For more information, see the documentation for large scale validation.
%cat duqtools.template.yaml
Running duqduq setup will generate a new directory for each dataset in data.csv. Each directory is in itself a valid duqtools directory.
!duqduq setup --yes --force
This is what the directory looks like after setup.
!tree .
It creates a duqtools config in each of the subdirectories. At this stage you could modify each of the duqtools.yaml if you wish. The config is no different than for a single UQ run. This means you could docd data_01 and treat it as a single UQ run.
%cat data_01/duqtools.yaml
Create runs using duqduq create
This is the equivalent of duqtools create, but for a large number of runs.
It will take each of the duqtools configs generated and set up the jetto runs and imas data according to the specification.
Since this will take a long time, we will use the --dry_run option.
!duqduq create --force --dry-run
Submit to slurm using duqduq submit
Use duqduq submit to submit the jobs to slurm. This tool will find all jobs (.llcmd files in the subdirectories) and submit them to slurm.
Use the --array option to submit the jobs as a slurm array.

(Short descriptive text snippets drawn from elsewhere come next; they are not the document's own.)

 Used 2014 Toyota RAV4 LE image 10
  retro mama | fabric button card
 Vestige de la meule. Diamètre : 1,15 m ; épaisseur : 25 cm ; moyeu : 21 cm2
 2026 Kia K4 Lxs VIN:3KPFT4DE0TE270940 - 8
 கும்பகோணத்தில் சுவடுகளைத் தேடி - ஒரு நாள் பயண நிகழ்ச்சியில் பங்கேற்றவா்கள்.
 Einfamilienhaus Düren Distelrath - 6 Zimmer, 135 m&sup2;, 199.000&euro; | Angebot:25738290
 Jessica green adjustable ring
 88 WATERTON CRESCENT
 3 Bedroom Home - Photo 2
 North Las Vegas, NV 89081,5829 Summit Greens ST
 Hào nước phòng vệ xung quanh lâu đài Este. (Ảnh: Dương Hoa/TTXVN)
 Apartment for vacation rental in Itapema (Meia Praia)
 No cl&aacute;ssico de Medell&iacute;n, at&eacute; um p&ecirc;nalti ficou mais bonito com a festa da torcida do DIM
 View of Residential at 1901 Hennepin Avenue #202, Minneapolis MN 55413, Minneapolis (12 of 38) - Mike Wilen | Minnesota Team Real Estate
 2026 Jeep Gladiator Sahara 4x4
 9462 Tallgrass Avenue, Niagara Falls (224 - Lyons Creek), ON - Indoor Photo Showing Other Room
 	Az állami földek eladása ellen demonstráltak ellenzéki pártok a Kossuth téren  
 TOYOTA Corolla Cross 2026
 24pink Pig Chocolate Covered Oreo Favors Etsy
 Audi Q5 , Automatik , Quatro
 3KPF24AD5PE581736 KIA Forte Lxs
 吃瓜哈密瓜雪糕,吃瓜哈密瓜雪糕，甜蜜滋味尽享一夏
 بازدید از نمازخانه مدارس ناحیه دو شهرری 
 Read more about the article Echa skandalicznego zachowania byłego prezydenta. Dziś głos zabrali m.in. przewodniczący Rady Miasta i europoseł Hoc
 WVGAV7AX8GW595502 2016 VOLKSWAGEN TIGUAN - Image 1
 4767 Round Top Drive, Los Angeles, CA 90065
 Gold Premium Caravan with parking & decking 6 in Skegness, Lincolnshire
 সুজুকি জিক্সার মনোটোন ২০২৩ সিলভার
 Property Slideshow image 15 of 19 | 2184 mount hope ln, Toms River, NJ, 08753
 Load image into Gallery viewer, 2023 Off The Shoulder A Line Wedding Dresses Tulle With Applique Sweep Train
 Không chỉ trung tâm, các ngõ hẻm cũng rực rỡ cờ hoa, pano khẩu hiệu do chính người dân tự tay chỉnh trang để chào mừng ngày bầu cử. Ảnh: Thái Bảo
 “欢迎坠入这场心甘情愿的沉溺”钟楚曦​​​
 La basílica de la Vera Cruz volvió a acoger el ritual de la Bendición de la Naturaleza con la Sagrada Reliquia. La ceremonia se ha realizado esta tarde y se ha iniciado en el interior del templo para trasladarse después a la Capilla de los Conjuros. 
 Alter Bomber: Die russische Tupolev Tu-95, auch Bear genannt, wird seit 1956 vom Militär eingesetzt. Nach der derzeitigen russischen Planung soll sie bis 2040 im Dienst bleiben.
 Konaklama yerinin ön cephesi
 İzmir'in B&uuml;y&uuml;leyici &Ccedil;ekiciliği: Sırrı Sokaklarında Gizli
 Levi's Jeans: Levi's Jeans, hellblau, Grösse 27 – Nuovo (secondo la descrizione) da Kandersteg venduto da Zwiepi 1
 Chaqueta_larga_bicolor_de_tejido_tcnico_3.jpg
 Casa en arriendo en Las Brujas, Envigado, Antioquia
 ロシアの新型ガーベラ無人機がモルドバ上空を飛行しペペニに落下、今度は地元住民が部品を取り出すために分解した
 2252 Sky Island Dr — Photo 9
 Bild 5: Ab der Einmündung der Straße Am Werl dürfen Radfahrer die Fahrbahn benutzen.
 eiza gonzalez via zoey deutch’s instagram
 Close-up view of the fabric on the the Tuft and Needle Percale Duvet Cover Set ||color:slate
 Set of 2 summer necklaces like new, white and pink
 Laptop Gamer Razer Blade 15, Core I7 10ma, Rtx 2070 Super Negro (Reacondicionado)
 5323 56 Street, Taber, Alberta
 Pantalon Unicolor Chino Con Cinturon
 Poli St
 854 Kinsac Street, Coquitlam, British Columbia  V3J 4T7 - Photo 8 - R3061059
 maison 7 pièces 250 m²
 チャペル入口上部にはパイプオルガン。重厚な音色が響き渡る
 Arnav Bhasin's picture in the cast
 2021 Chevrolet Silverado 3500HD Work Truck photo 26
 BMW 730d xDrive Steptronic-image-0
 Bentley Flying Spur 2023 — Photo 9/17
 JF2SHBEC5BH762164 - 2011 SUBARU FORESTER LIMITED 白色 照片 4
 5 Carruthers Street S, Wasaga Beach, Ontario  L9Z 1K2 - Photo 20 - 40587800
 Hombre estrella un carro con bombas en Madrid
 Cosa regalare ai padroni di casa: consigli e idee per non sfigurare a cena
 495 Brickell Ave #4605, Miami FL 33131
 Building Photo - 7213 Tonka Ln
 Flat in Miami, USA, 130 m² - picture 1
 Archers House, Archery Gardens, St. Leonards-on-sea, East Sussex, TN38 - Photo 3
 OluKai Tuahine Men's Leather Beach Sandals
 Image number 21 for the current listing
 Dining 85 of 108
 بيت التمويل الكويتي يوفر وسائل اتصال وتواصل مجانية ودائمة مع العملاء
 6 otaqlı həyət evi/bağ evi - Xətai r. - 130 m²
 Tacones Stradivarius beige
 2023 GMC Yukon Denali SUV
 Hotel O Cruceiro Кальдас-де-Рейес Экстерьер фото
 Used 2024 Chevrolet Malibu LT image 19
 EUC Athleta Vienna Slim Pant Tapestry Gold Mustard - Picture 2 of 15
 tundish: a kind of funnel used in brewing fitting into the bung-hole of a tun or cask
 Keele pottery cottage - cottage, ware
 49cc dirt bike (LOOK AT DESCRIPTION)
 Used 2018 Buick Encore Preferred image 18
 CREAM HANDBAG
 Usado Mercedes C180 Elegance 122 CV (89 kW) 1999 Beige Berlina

os.chdir(duqtools_dir_done)
!duqduq submit --array --max_jobs 10 --force --dry-run
duqduq status
Query the status using duqduq status. This essentially parses all the jetto.status files in the run directory.
!duqduq status
Overview of LSV output directory
The output of duqduq differs from a single run in that there is an additional directory layer with the name of the data entry. The logs directory contains the slurm logs.
os.chdir(run_dir)
!tree -L 1
Each directory is a run directory as you know it from a single UQ run.
!tree 'data_01' -L 1
Merge data using duqduq merge.
os.chdir(duqtools_dir_done)
!duqduq merge --force --dry-run
Merged data are stored in in a local imasdb for each data entry in the run directory.
os.chdir(run_dir)
!tree 'data_01/imasdb'
Data exploration with duqtools dash
The imas handles for each merged data set are stored in merge_data.csv. They can be visualized using the duqtools dashboard.
os.chdir(duqtools_dir_done)
!duqtools dash